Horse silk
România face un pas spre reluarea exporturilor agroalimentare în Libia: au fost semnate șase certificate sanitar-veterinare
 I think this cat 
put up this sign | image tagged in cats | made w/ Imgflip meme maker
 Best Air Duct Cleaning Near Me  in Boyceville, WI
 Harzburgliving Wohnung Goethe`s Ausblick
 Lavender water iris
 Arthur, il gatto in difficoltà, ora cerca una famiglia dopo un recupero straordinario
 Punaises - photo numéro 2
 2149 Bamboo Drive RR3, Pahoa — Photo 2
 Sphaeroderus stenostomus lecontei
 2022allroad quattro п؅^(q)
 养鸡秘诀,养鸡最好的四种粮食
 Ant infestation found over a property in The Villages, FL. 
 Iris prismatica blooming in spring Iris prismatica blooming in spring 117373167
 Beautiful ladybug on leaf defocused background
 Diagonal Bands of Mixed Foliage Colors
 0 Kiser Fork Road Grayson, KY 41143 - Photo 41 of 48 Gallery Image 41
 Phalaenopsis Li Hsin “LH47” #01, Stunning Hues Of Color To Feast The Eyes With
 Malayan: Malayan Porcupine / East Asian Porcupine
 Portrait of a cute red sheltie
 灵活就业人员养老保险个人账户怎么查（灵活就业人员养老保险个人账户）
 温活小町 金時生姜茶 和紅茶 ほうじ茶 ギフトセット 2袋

◆ **BRIEF**
Extract the lines above from the one containing "Ant infestation found" to the last line, both included, exactly as written.

◆ **RESULT OF THE EXERCISE**
 Ant infestation found over a property in The Villages, FL. 
 Iris prismatica blooming in spring Iris prismatica blooming in spring 117373167
 Beautiful ladybug on leaf defocused background
 Diagonal Bands of Mixed Foliage Colors
 0 Kiser Fork Road Grayson, KY 41143 - Photo 41 of 48 Gallery Image 41
 Phalaenopsis Li Hsin “LH47” #01, Stunning Hues Of Color To Feast The Eyes With
 Malayan: Malayan Porcupine / East Asian Porcupine
 Portrait of a cute red sheltie
 灵活就业人员养老保险个人账户怎么查（灵活就业人员养老保险个人账户）
 温活小町 金時生姜茶 和紅茶 ほうじ茶 ギフトセット 2袋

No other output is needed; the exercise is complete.